FILIPINOS, CANNIBALISM, AND MOTHERS DANCING ON TONGUES 2020-2022
In this performance, I look at first languages (the “mother tongue”), my own included, and the complication this notion implies in contexts where the mother tongue is a purely spoken language outside of institutional (read-write) frameworks. I question power hierarchies implicit in institutionalized languages by putting forward oralities from the margin and their alternative forms of expression whose agency live in embodied forms of articulation. I am arguing that the embodiment of an orality, its containment in a colonized, disenfranchised, diasporic body, is exactly what gives it power.
I see orality as a way to access an intersectionality, one that ruptures the idea of bound cultures, and instead proposes that culture—by extension, language—is in perpetual flux, one that’s marked by creative becomings, but to do this we have to break down and re-digest what constitutes a “mother tongue”— to imbibe, expel, replenish, take shape— and sing, sing in a tongue blessed by many mothers.
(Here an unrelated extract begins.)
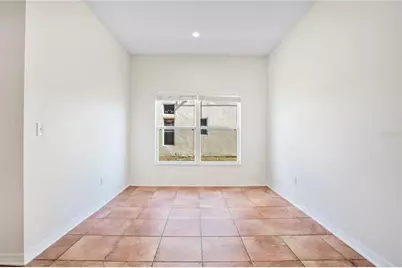 432 York Dale Drive, Ruskin, FL 33570 - Photo 20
The performance lecture has been presented for Being & Feeling (Alone,Together) Lamont Gallery, Exeter, New Hampshire (2020), the 9th Bucharest Biennale (2021), KW Institute for Contemporary Art Berlin (2021) in Forms of Migration, The Museum of Impossible Forms Helsinki (2021), Sensorium II in Tromsø (2022), the Elizabeth Arts Foundation NYC (2022) and the RMIT Gallery Melbourne in my solo show An altar for the fleshy tongue (2023).